At a monetary-policy forum in Tashkent, officials pointed to Uzbekistan's falling inflation and reduced dollar use as proof that credibility, not speed, anchors prices.

- Published: 2026-07-09T05:13:31.466Z
- Canonical: https://polylog.news/2026-07-09/economists-warn-premature-rate-cuts-would-cost-central-banks
- Publisher: Polylog (Global desk)
- Section: macro
- Sources: [Euronews](https://www.euronews.com/business/2026/07/09/central-banks-face-new-credibility-test-over-rate-cuts)

Economists gathered at the Tashkent Monetary Policy Dialogue warned that cutting interest rates too early could lock inflation above target and erode the trust that makes monetary policy work, [Euronews reported](https://www.euronews.com/business/2026/07/09/central-banks-face-new-credibility-test-over-rate-cuts). They cited Uzbekistan as a case study, where lower inflation, falling inflation expectations and reduced dollarization followed a period of restraint.

The timing is significant. Many major central banks had signaled readiness to ease, and the energy shock now working through prices makes those cuts harder to justify without appearing to abandon their inflation targets.

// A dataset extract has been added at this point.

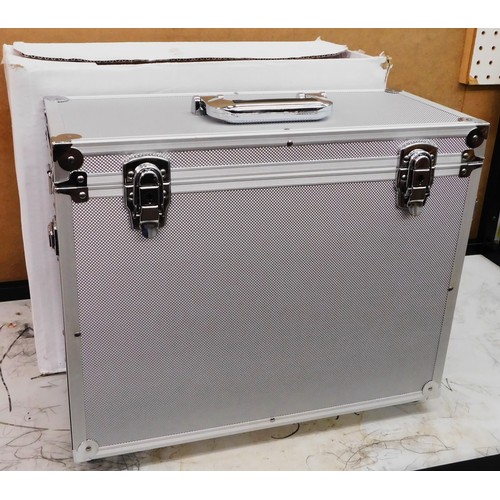 86 - Aluminium flight case with inner drawer (new/boxed)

The Uzbek example carries a lesson that reaches well beyond Central Asia. Reduced dollarization, meaning citizens hold more of their savings in the local currency rather than in dollars, is a result of credibility. When a central bank loses that trust, people move out of its currency into the dollar or into hard assets, and the currency's usefulness shrinks. This is the underlying mechanism behind the gradual global shift toward parallel monetary channels.

For a sound-money reader, the warning is welcome but incomplete. Credibility is not a communications exercise. It rests on whether a central bank will actually tolerate slower growth to defend the value of its money, a test that arrives precisely when governments most want cheap financing.

## What this means

The exposed actor is any central bank tempted to cut into an energy-driven inflation impulse, and the channel is expectations. If households and firms conclude the bank will not defend its target, they begin to expect higher inflation, long-term borrowing costs rise, and savers shift out of the currency into dollars or hard assets. Emerging markets that fought to lower dollarization have the most to lose, because credibility built over years can reverse in months.

## What to watch

- Which major central bank cuts first after the oil move, and whether it treats the move as temporary and to be ignored, or as a signal it will tolerate higher inflation.
- Inflation-expectation surveys in emerging markets, because a rise there is the earliest sign that trust in local money is slipping back toward dollarization.